◆ **ACTION ITEM**
Should an entry contain an image, omit it and repeat the rest exactly.

=== EXTRACTED RECORDS ===

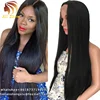 14 16 18 20 22 24 inch Brazilian Kinky Straight natural Synthetic hair Glueless Lace Front Wig,Silky Straight Weave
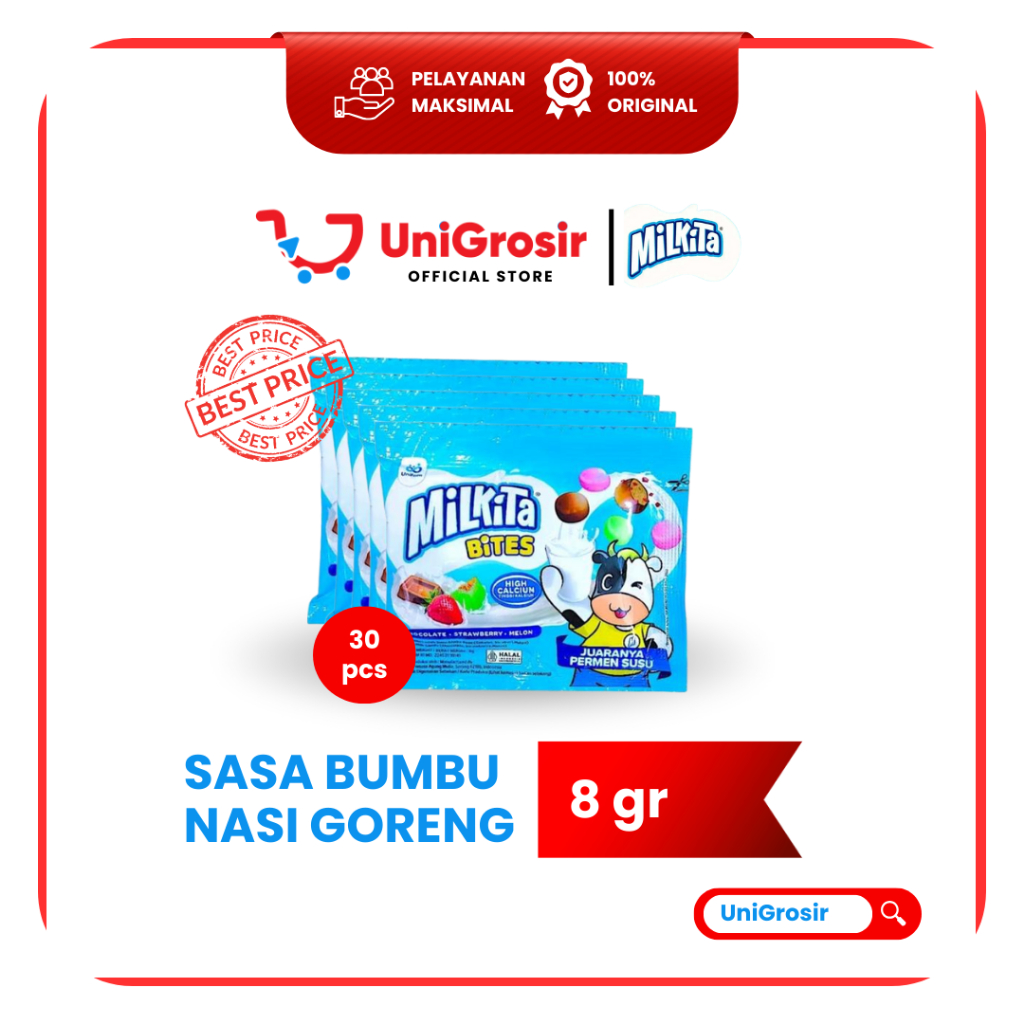 [UniGrosir] MILKITA BITES PERMEN SUSU RENCENG MILK CANDY BAG 8gr x 30pcs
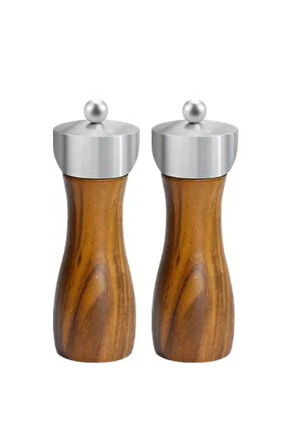 Akasya Komple Ahşap Gövdeli Tuz Karabiber Değirmeni Baharat Öğütücüsü 16 Cm - 2 Adet - 390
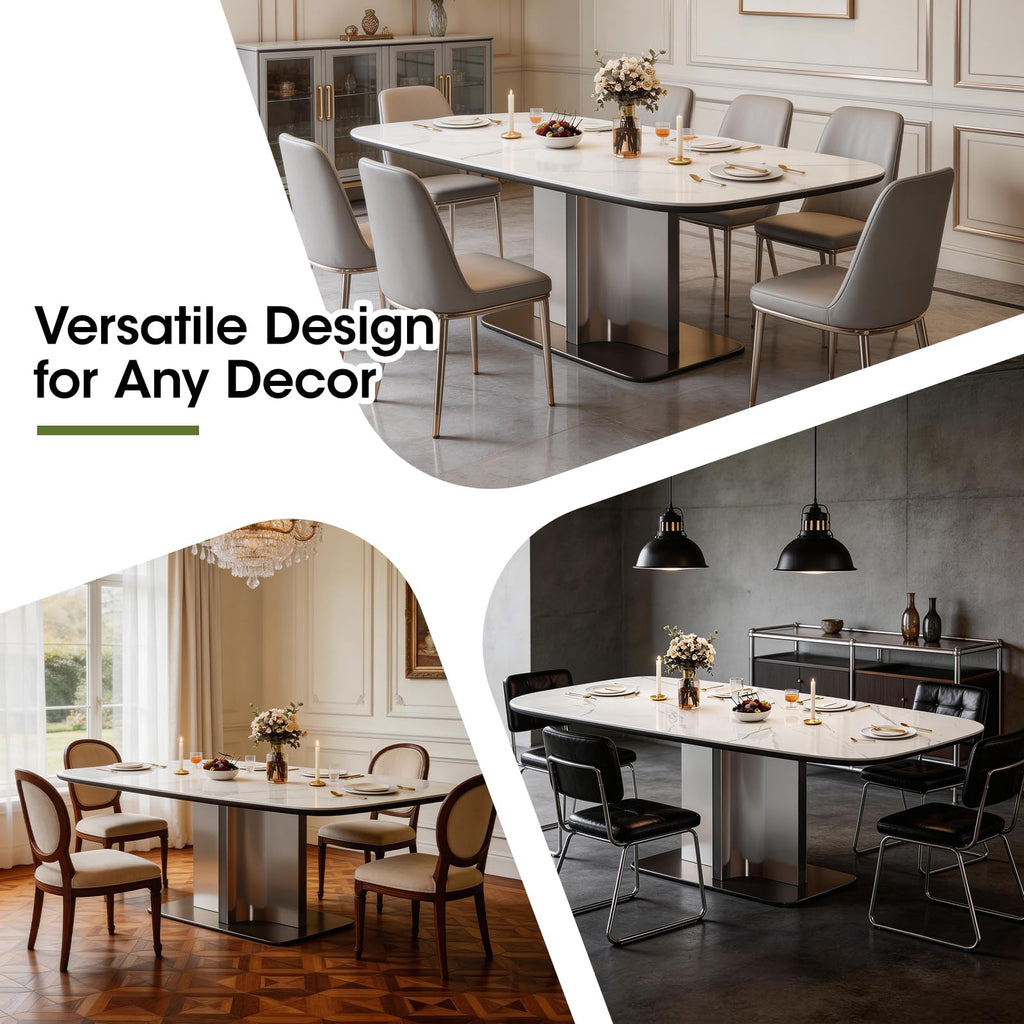 63" Sintered Stone Dining Table for 6-8, Modern Kitchen Table
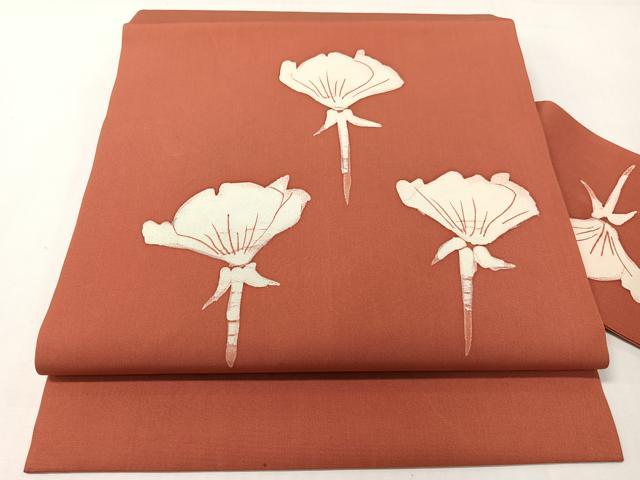 平和屋着物●塩瀬　九寸名古屋帯　作家物　ろうけつ染め　草花文　正絹　逸品　CABG7899vp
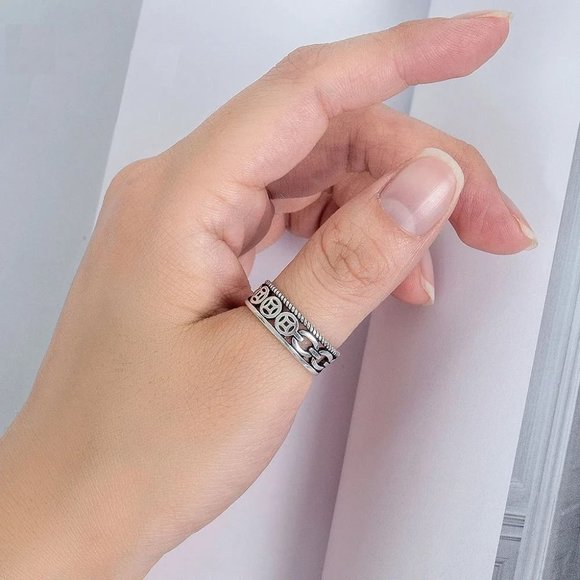925 Sterling Silver Retro Adjustable Ring Gift - Picture 4 of 4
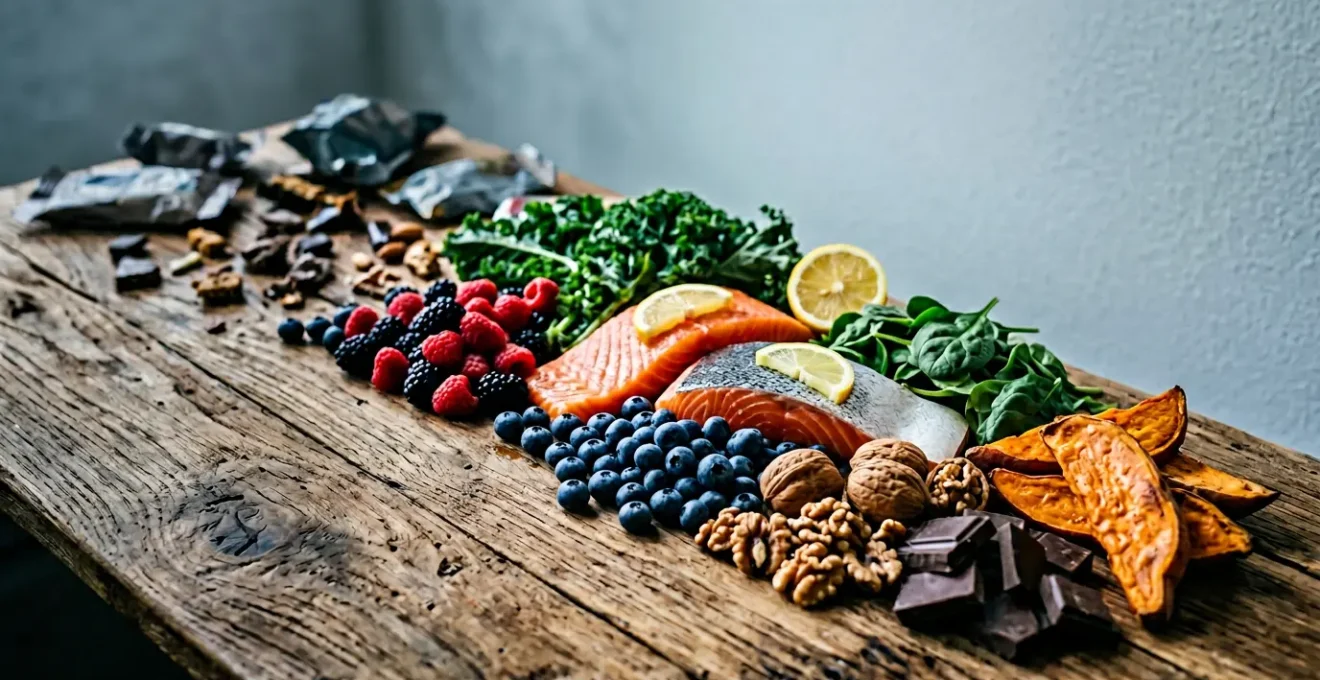 Vibrant whole foods and brain-supporting nutrients arranged for sustained mental energy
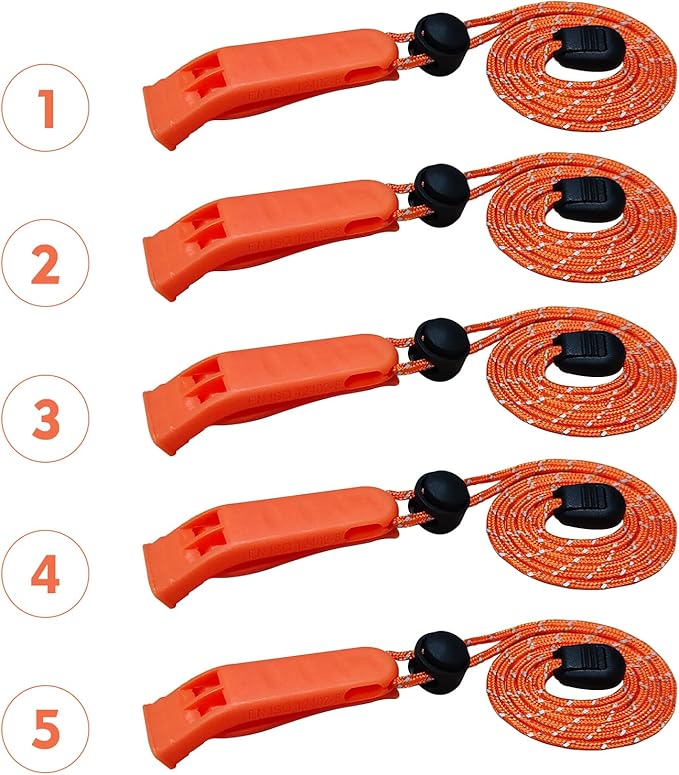 Amzonly Emergency Whistle, 120db Safety Whistle Survival Shrill Loud for Camping Hiking Hunting Boating Fishing Life Vest Jacket Rescue Signaling Kids Lifeguard 5 Pack
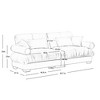 Large Velvet 2-Seater Sofa with Bolster Armrests, Deep Cloud Seat, Waist & Throw Pillows for Living Room, Loft, Bedroom - 4 of 4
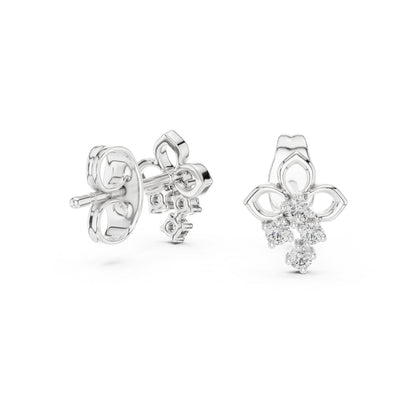 18K White Gold Round Lab-Grown Diamond Earrings for Women | Party Wear | Pure Carat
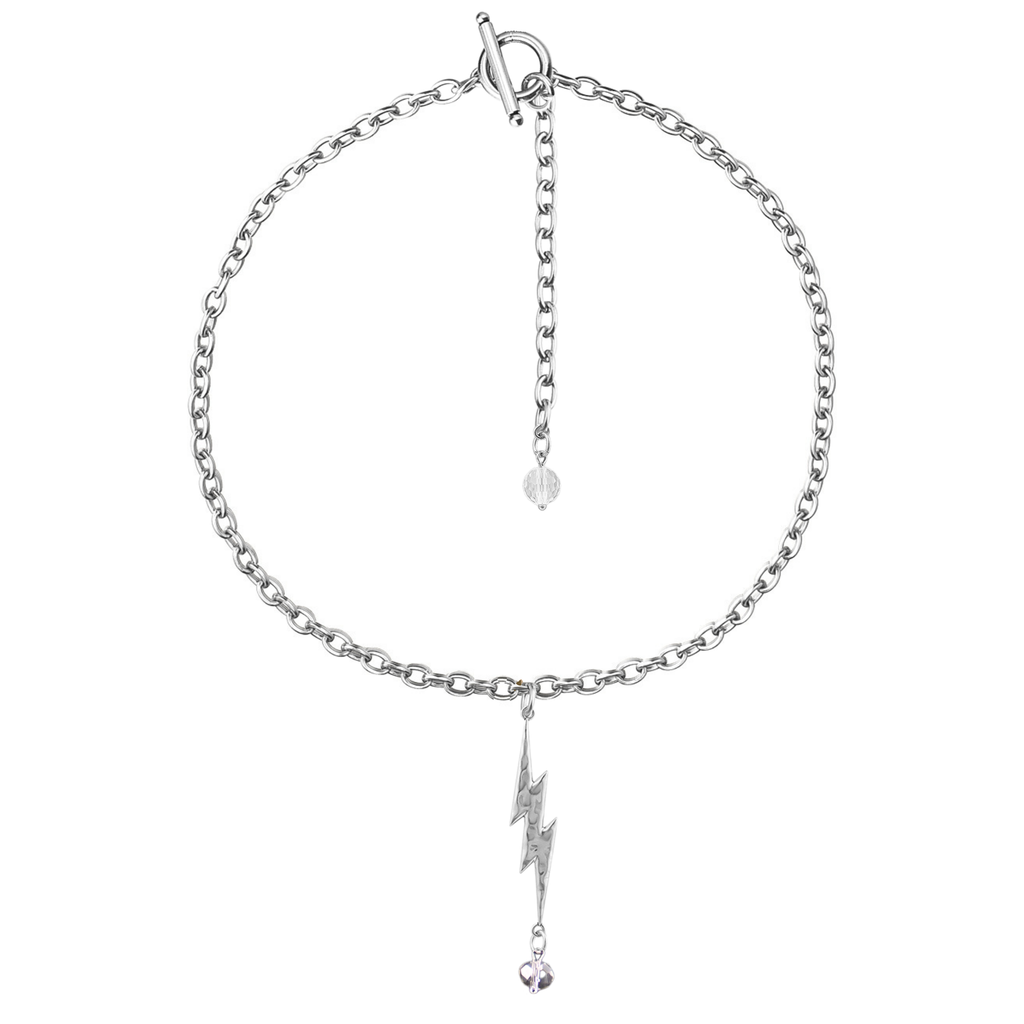 I Am Strong Lightning Bolt Choker Necklace: Gold / M/L (22")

===

◆ **SOLVED PROBLEM**
 14 16 18 20 22 24 inch Brazilian Kinky Straight natural Synthetic hair Glueless Lace Front Wig,Silky Straight Weave
 [UniGrosir] MILKITA BITES PERMEN SUSU RENCENG MILK CANDY BAG 8gr x 30pcs
 Akasya Komple Ahşap Gövdeli Tuz Karabiber Değirmeni Baharat Öğütücüsü 16 Cm - 2 Adet - 390
 63" Sintered Stone Dining Table for 6-8, Modern Kitchen Table
 平和屋着物●塩瀬　九寸名古屋帯　作家物　ろうけつ染め　草花文　正絹　逸品　CABG7899vp
925 Sterling Silver Retro Adjustable Ring Gift - Picture 4 of 4
 Vibrant whole foods and brain-supporting nutrients arranged for sustained mental energy
 Amzonly Emergency Whistle, 120db Safety Whistle Survival Shrill Loud for Camping Hiking Hunting Boating Fishing Life Vest Jacket Rescue Signaling Kids Lifeguard 5 Pack
 Large Velvet 2-Seater Sofa with Bolster Armrests, Deep Cloud Seat, Waist & Throw Pillows for Living Room, Loft, Bedroom - 4 of 4
 18K White Gold Round Lab-Grown Diamond Earrings for Women | Party Wear | Pure Carat
 I Am Strong Lightning Bolt Choker Necklace: Gold / M/L (22")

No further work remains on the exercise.